### [MATERIAL FOR THIS EXERCISE]
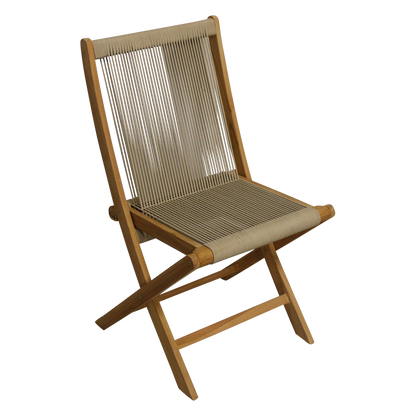 Teak Garden Chair with Rope Seat - Folding Outdoor Chair, Natural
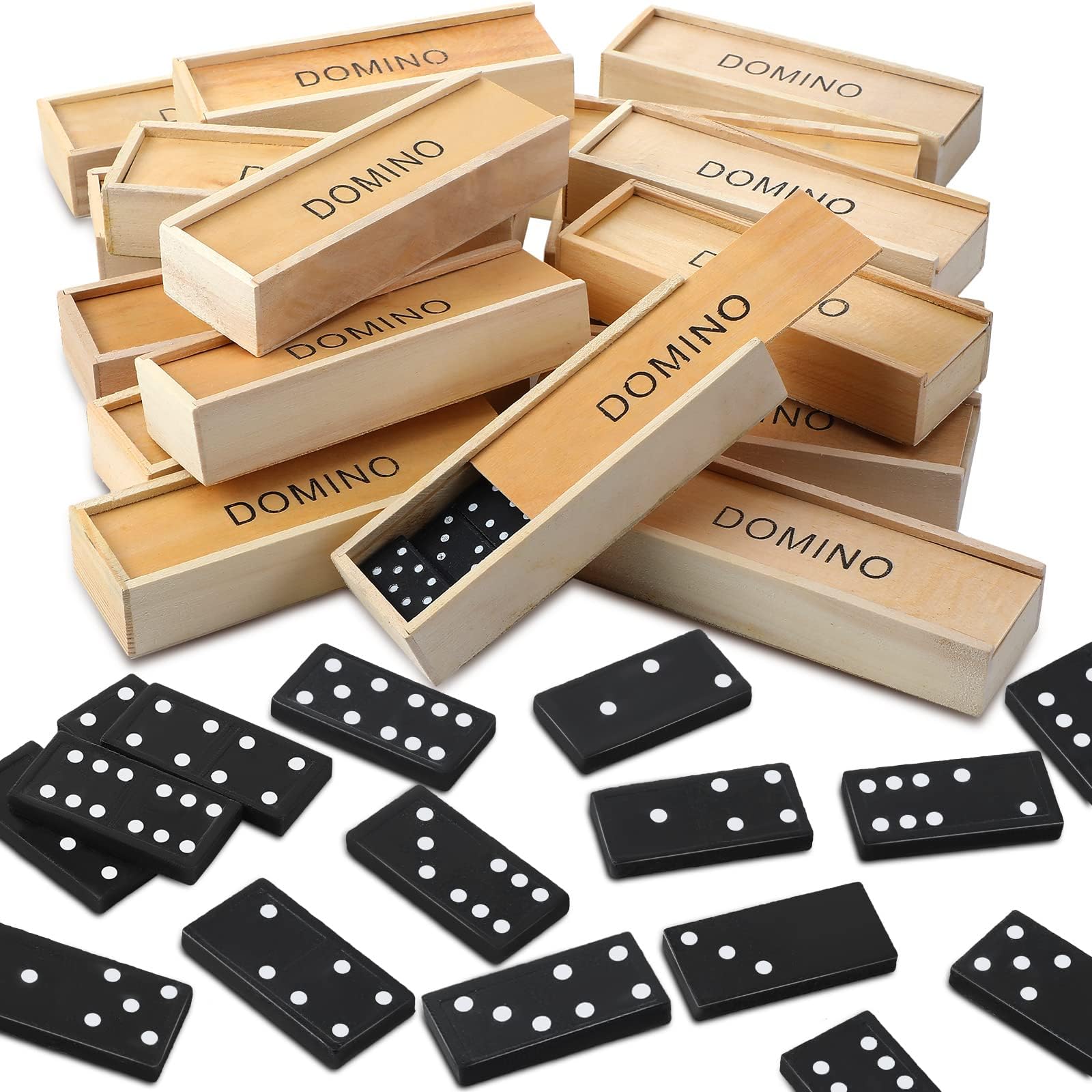 Deekin 50 Pack Mini Dominos Set for Kids and Adults Bulk 28 Tiles Double 6 Dominoes Game Domino Party Favors Wooden Board Games with Wood Case Family Games Toys for Child Gifts Travel
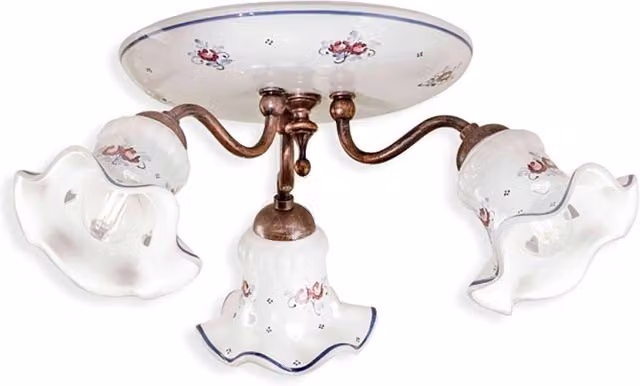 Plafoniera Classica Chieti Metallo E Ceramica Nero Sfumato Rame 3 Luci E14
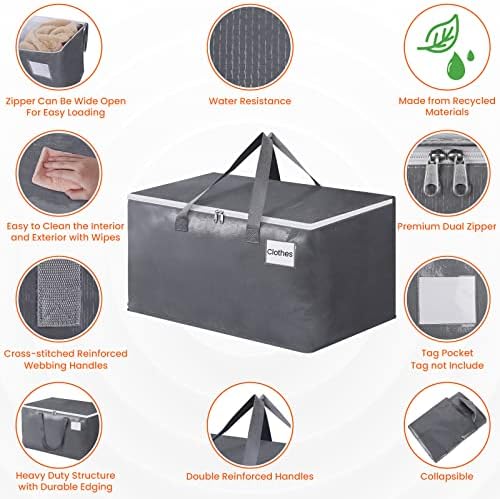BlissTotes Large Moving Bags, Storage Bags, 125L-4 Pack - Image 3
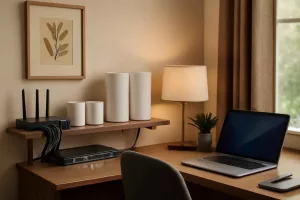 Modern home office setup featuring Wi-Fi routers, mesh nodes, and network switch neatly organized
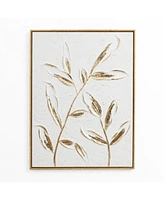 LuxenHome White with Gold Flower Canvas Framed Wall Decor
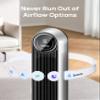 DREO Bladeless Tower Fan - 25ft/s, 4 Speeds, 4 Modes, 90 Oscillation, 8H Timer, Ultra Quiet for Bedroom, Indoors, Silver (Tower Fan 307) view 4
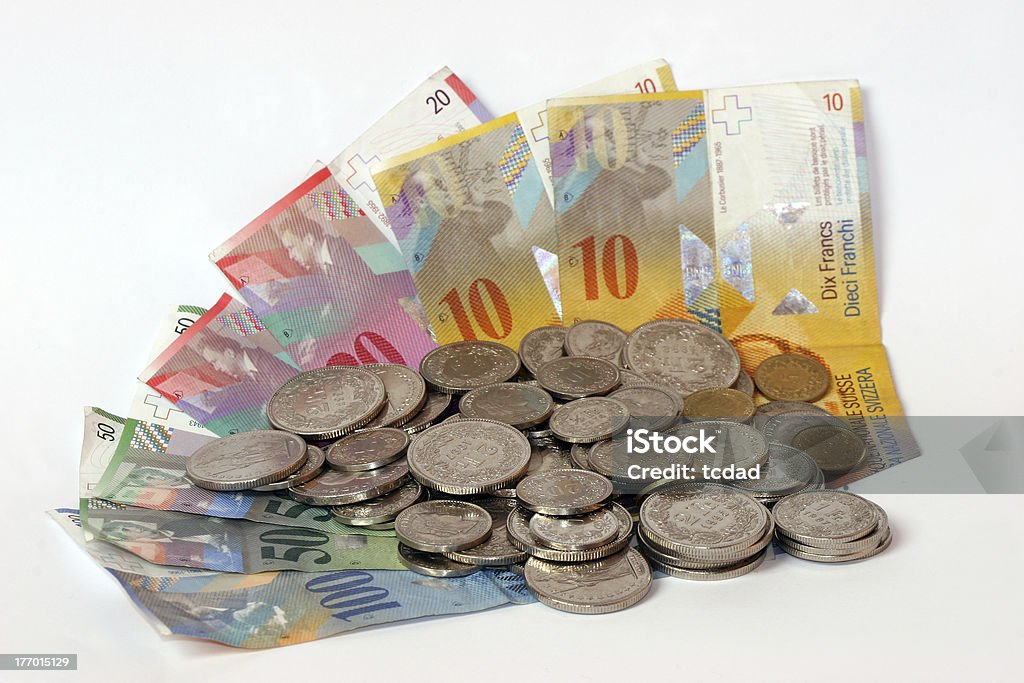 스위스 돈을 동전 - 로열티 프리 기부함 스톡 사진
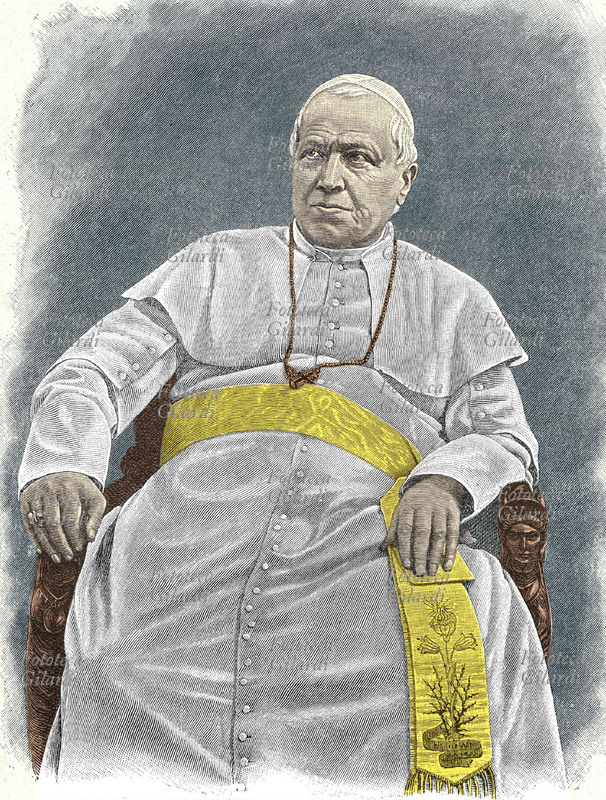 PIO IX (Giovanni Mastai Ferretti, 1792-1878) 253° Papa (1846-1878) seduto incisione colorata, collezione privata. XIX secolo.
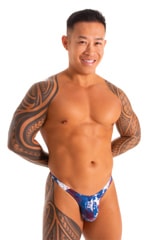 Mens Micro Pouch Swimsuit Thong  in American Flag Collage .1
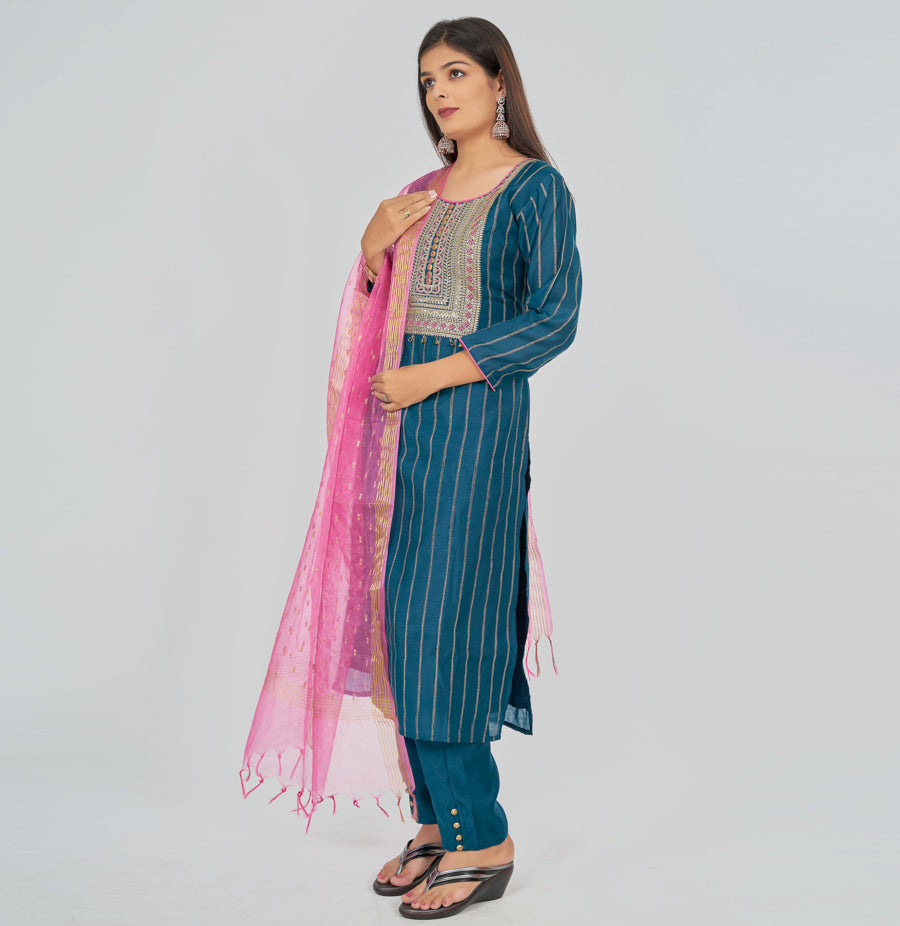 Peacock Blue Silk Salwar Kameez - kaystore.in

### [WORK REQUIRED]
Everything in the listing, except its images, should be set down exactly.

### [YOUR SOLUTION]
 Teak Garden Chair with Rope Seat - Folding Outdoor Chair, Natural
 Deekin 50 Pack Mini Dominos Set for Kids and Adults Bulk 28 Tiles Double 6 Dominoes Game Domino Party Favors Wooden Board Games with Wood Case Family Games Toys for Child Gifts Travel
 Plafoniera Classica Chieti Metallo E Ceramica Nero Sfumato Rame 3 Luci E14
BlissTotes Large Moving Bags, Storage Bags, 125L-4 Pack - Image 3
 Modern home office setup featuring Wi-Fi routers, mesh nodes, and network switch neatly organized
 LuxenHome White with Gold Flower Canvas Framed Wall Decor
 DREO Bladeless Tower Fan - 25ft/s, 4 Speeds, 4 Modes, 90 Oscillation, 8H Timer, Ultra Quiet for Bedroom, Indoors, Silver (Tower Fan 307) view 4
 스위스 돈을 동전 - 로열티 프리 기부함 스톡 사진
 PIO IX (Giovanni Mastai Ferretti, 1792-1878) 253° Papa (1846-1878) seduto incisione colorata, collezione privata. XIX secolo.
 Mens Micro Pouch Swimsuit Thong  in American Flag Collage .1
 Peacock Blue Silk Salwar Kameez - kaystore.in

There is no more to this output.